Note that because these properties aren't being versioned, we don't
bother to keep pristine forms of them in a 'base' area. Nor do we
paranoid-ly move them through .svn/tmp/ when changing them. These
sorts of behaviors are meant for preserving sacred user data,
especially local modifications. wcprops, on the other hand, are
just internal tracking data used by the system, like the 'entries'
file.
------------------------
todo: some loose ends
1. filename escaping in .svn/entries
2.
How the client applies an update delta.
---------------------------------------
Updating is more than just bringing changes down from the repository;
it's also folding those changes into the working copy. Getting the
right changes is the easy part -- folding them in is hard.
Before we examine how Subversion handles this, let's look at what CVS
does:
1. Unmodified portions of the working copy are simply brought
up-to-date. The server sends a forward diff, the client applies
it.
2. Locally modified portions are "merged", where possible. That
is, the changes from the repository are incorporated into the
local changes in an intelligent way (if the diff application
succeeds, then no conflict, else go to 3...)
3. Where merging is not possible, a conflict is flagged, and *both*
sides of the conflict are folded into the local file in such a
way that it's easy for the developer to figure out what
happened. (And the old locally-modified file is saved under a
temp name, just in case.)
It would be nice for Subversion to do things this way too;
unfortunately, that's not possible in every case.
CVS has a wonderfully simplifying limitation: it doesn't version
directories, so never has tree-structure conflicts. Given that only
textual conflicts are possible, there is usually a natural way to
express both sides of a conflict -- just include the opposing texts
inside the file, delimited with conflict markers. (Or for binary
files, make both revisions available under temporary names.)
While Subversion can behave the same way for textual conflicts, the
situation is more complex for trees. There is sometimes no way for a
working copy to reflect both sides of a tree conflict without being
more confusing than helpful. How does one put "conflict markers" into
a directory, especially when what was a directory might now be a file,
or vice-versa?
Therefore, while Subversion does everything it can to fold conflicts
intelligently (doing at least as well as CVS does), in extreme cases
it is acceptable for the Subversion client to punt, saying in effect
"Your working copy is too out of whack; please move it aside, check
out a fresh one, redo your changes in the fresh copy, and commit from
that." (This response may also apply to subtrees of the working copy,
of course).
Usually it offers more detail than that, too. In addition to the
overall out-of-whackness message, it can say "Directory foo was
renamed to bar, conflicting with your new file bar; file blah was
deleted, conflicting with your local change to file blah, ..." and so
on. The important thing is that these are informational only -- they
tell the user what's wrong, but they don't try to fix it
automatically.
All this is purely a matter of *client-side* intelligence. Nothing in
the repository logic or protocol affects the client's ability to fold
conflicts. So as we get smarter, and/or as there is demand for more
informative conflicting updates, the client's behavior can improve and
punting can become a rare event. We should start out with a _simple_
conflict-folding algorithm initially, though.

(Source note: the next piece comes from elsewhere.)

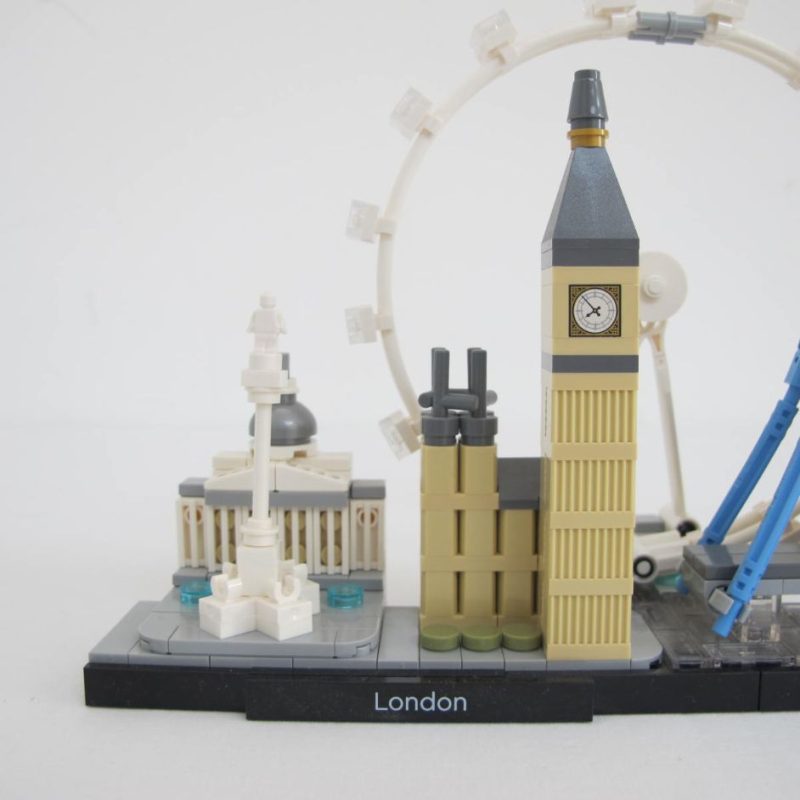 London. Complete with instructions, no box - Image 10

Text and Property Components
----------------------------
A Subversion working copy keeps track of *two* forks per file, much
like the way MacOS files have "data" forks and "resource" forks. Each
file under revision control has its "text" and "properties" tracked
with different timestamps and different conflict (reject) files. In
this vein, each file's status-line has two columns which describe the
file's state.
Examples:
-- glub.c --> glub.c is completely up-to-date.
U- foo.c --> foo.c's textual component was updated.
-M bar.c --> bar.c's properties have been locally modified
UC baz.c --> baz.c has had both components patched, but a
local property change is creating a conflict.